[Probably a noob question]
I'm thinking about what an inner alignment failure might look like for GPT-3. This would have to involve some deployment context in which GPT-3 performs significantly worse (by the standards of the base objective) than it did in training. (It would involve other things too, such as GPT-3 being a mesa-optimizer.)
But to say how well GPT-3 performs on some prompt not in the training dataset, we have to have a definition of the base objective that extends beyond the training dataset. If the base objective only makes sense in the context of the training dataset, then inner alignment failure is impossible by definition.
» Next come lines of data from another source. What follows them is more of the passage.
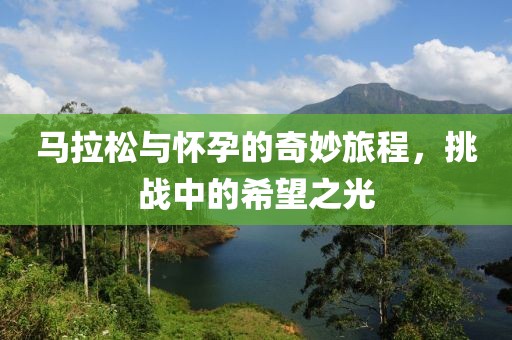 马拉松与怀孕的奇妙旅程，挑战中的希望之光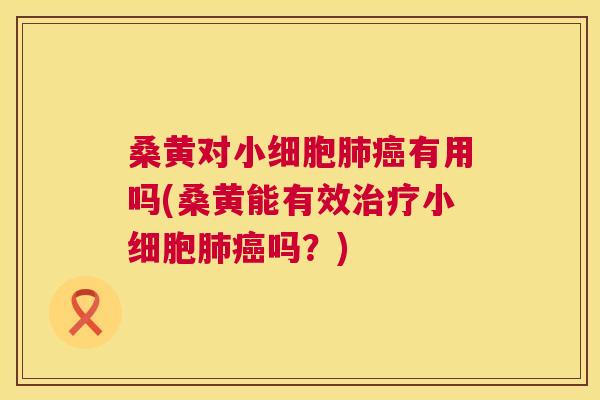 桑黄对小细胞有用吗(桑黄能有效小细胞吗?) 桑黄对小细胞有用吗(桑黄能有效小细胞吗?)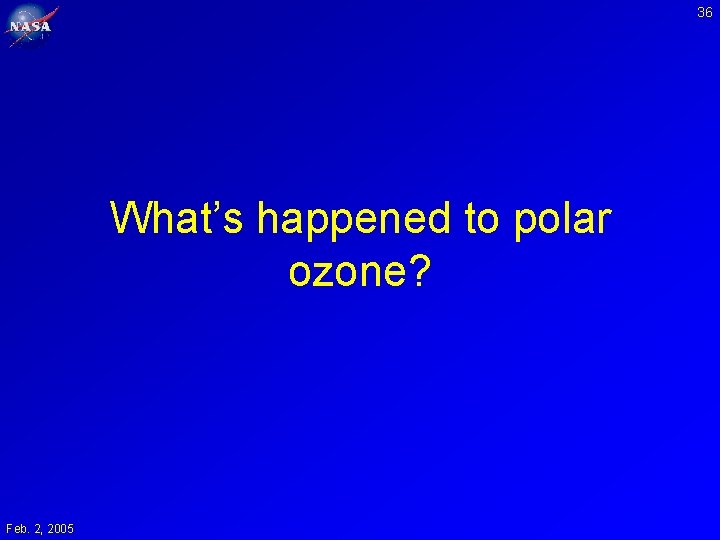 36 What’s happened to polar ozone? Feb. 2, 2005 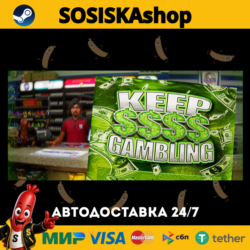 KEEP GAMBLING   ВЫБОР РЕГИОНА STEAM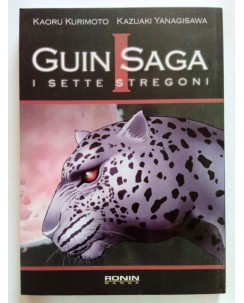 Guin Saga n. 1 di Kurimoto Yanagisawa I Sette Stregoni ed. Ronin SC06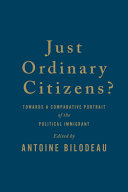 Just ordinary citizens? : towards a comparative portrait of the political immigrant /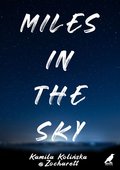 Miles in the sky - Kamila Kolińska, Zocharett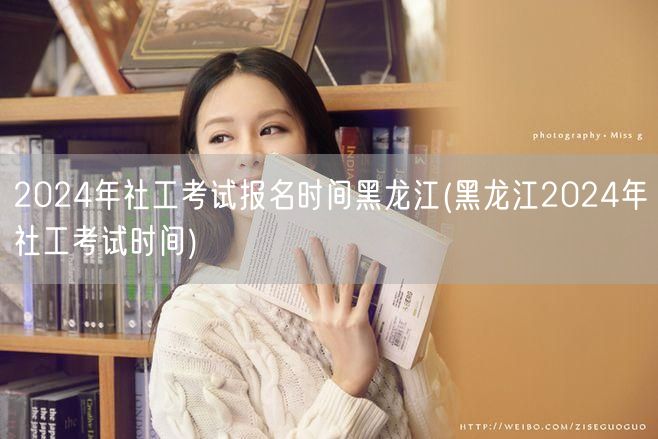 黑龙江2024社工报名考试时间及安排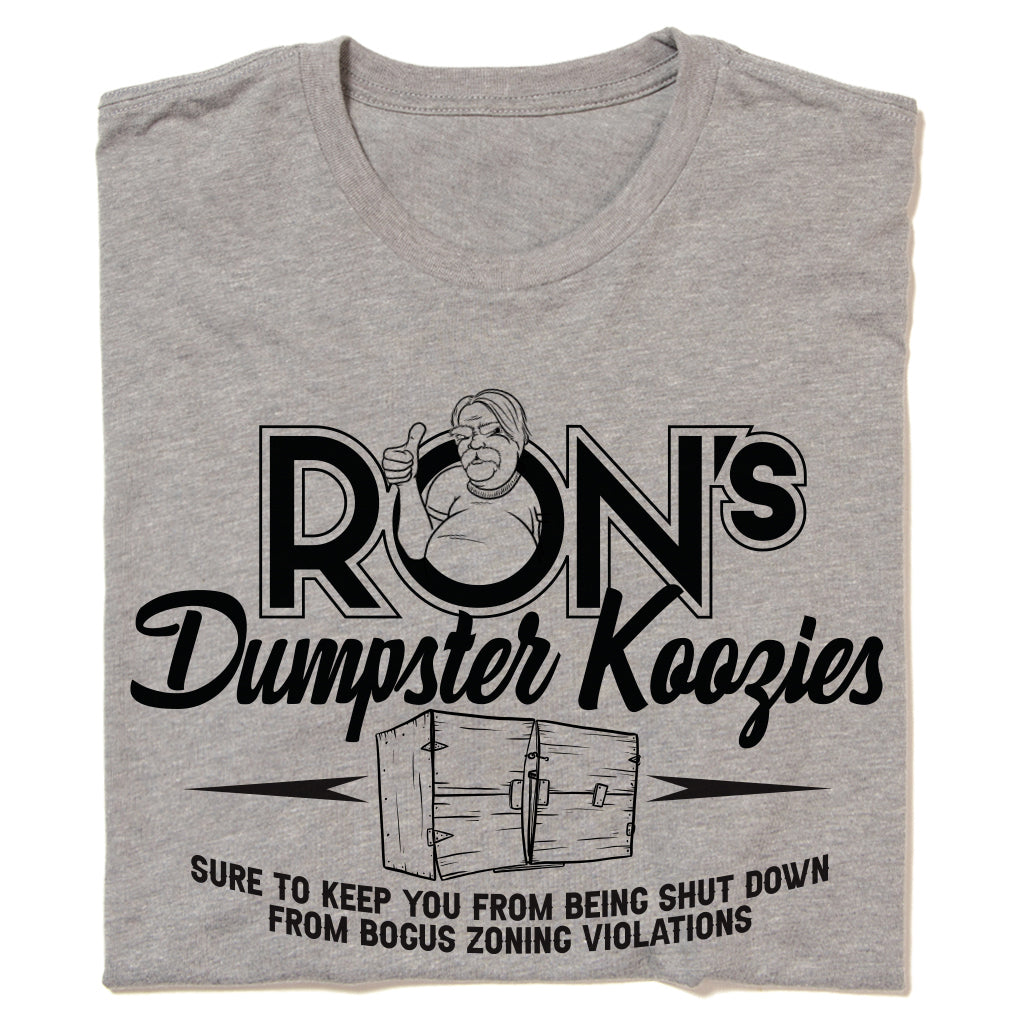 Ron's Dumpster Koozie T-shirt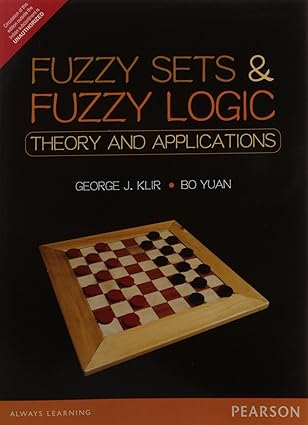 Fuzzy Sets and Fuzzy Logic: Theory and Applications by George J. Klir, Bo Yuan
Is the base objective "Predict the next word?" Or is it "Predict the next word, supposing what you are reading is typical 2019 Internet text?" Or is it "Predict the next word, supposing what you are reading is a random-with-the-following-weights sample from dataset D? [where D is the dataset used to train GPT-3]" The third option is in some sense the best, because it most closely fits what we actually did to train GPT-3. But note that the logical extension of this line of reasoning is to prefer a fourth option: "Predict the next word, supposing what you are reading is a random-with-the-following-weights sample from dataset D' [where D' is like D except that it doesn't contain any of the bits of text that GPT-3 happened to not see in training, and the randomness weights are chosen to more accurately yield the data points that GPT-3 in fact saw]."
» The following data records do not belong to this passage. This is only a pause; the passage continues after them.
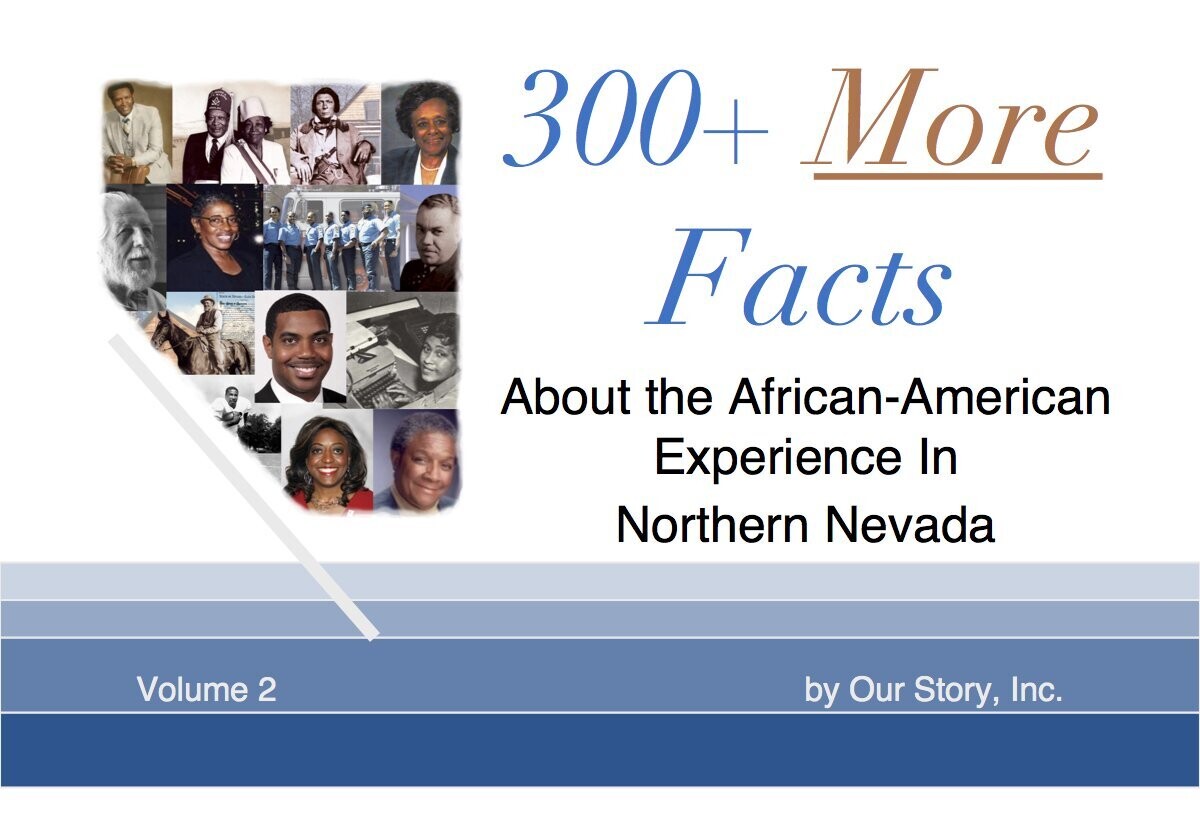 300 + More Facts About the African-American Experience in Northern Nevada Vol 2.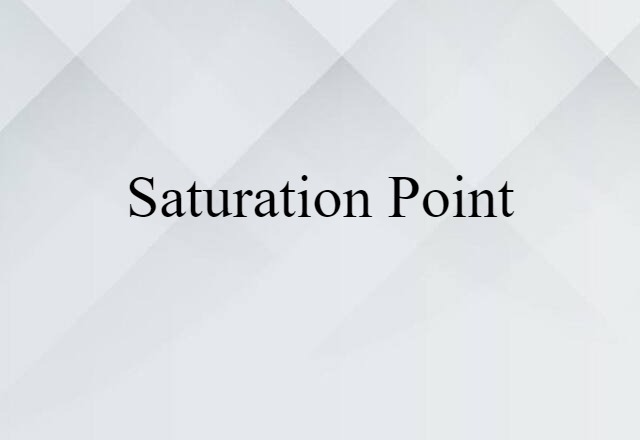 saturation point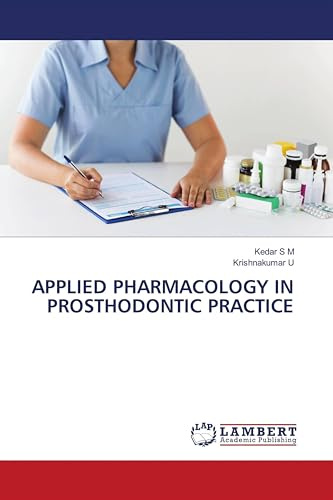 APPLIED PHARMACOLOGY IN PROSTHODONTIC PRACTICE: DE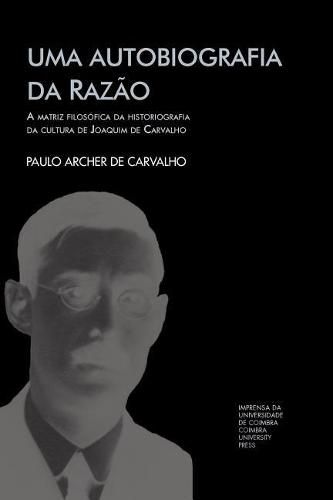 Cover image for Uma autobiografia da razao: a matriz filosofica da historiografia da cultura de Joaquim de Carvalho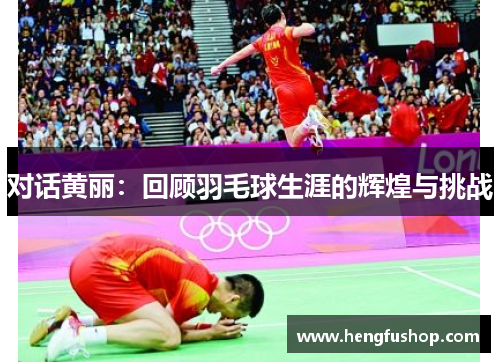 对话黄丽：回顾羽毛球生涯的辉煌与挑战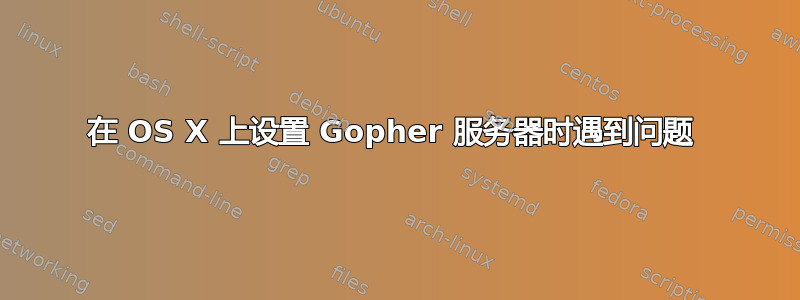 在 OS X 上设置 Gopher 服务器时遇到问题 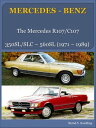 Mercedes-Benz R107, C107 SL, SLC with buyer's guide and chassis number/data card...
The problem with these last two answers is that they make it undefined how well GPT-3 performs on the base objective on any prompt that wasn't in D, which then rules out psuedo-alignment by definition.
From the Risks from Learned Optimization paper:
In such a case, we will use base objective to refer to whatever criterion the base optimizer was using to select between different possible systems and mesa-objective to refer to whatever criterion the mesa-optimizer is using to select between different possible outputs. In reinforcement learning (RL), for example, the base objective is generally the expected return. Because the mesa-objective is not specified by the programmers, mesa-optimization opens up the possibility of a mismatch between the base and mesa- objectives, wherein the mesa-objective might seem to perform well on the training environment but lead to bad performance off the training environment. We will refer to this case as pseudo-alignment below.
Expected return in a particular environment/distribution? Or not? If not, then you may be in a deployment context where you aren't updating the weights anymore and so there is no expected return, or at least it's close to 0 because there's only any return if you can convince people to start updating your weights again!
I worry I am just confused about all this. Hence why I'm asking. What is GPT-3's base objective?